Shlomo Sanders, CTO, Ex Libris

This article is an update of the March 2015 blog “Linked Library Data: Making It Happen.” Indeed, a lot has happened since then.

One of the things that has not changed since then is that libraries still rely heavily on integrated systems for managing and delivering library services. These systems encompass a wide range of services and have multiple components empowered by a central catalog, whose records are still usually in MARC 21 format. Yes, MARC has not gone away in the last 2 years. I think it is safe to say that the consensus is that any linked data library must continue to support MARC for many years to come and at the same time endeavor to support new and improved workflows that incorporate linked data.

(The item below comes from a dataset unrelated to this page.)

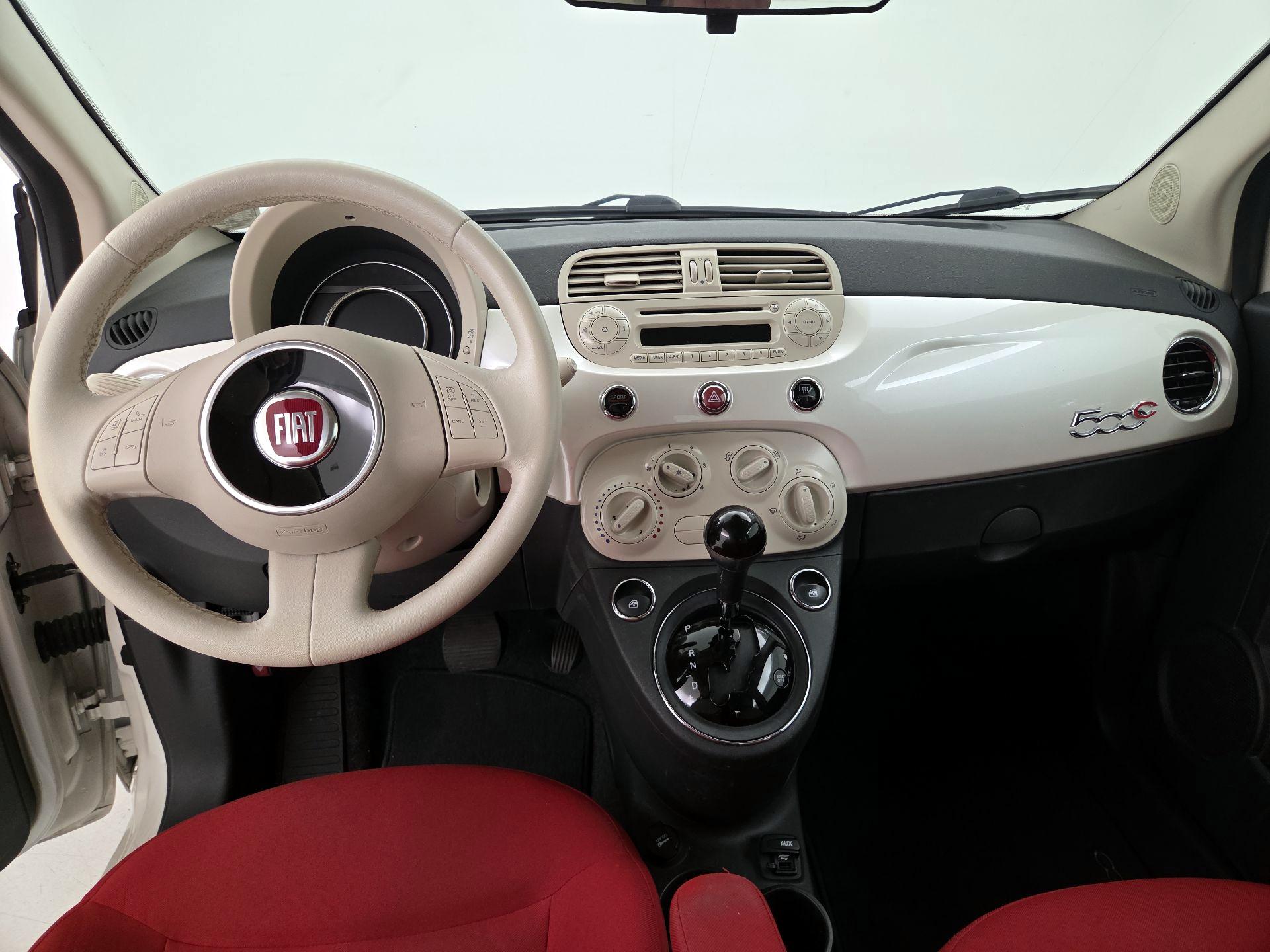 Thumbnail: 2015 Fiat 500 - 9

The Ex Libris Alma® library management system now has over 1,000 signed institutions. This is a significant number and has the potential to create a large, uniform, linked data library community. As an example, Alma will soon support publishing MARC in BIBFRAME format. Immediately upon release, close to one billion bibliographic records worldwide can be available as BIBFRAME. All a customer needs to do is turn on the BIBFRAME publishing feature with a click on a single checkbox.

Alma employs a simplified record format for internal operations but must still interact with the library world and the vendors that use MARC formats and, occasionally, Dublin Core metadata. As we will see below, the roadmap includes support for natively cataloging in BIBFRAME format and for loading BIBFRAME format in the same way that it supports MARC and Dublin Core.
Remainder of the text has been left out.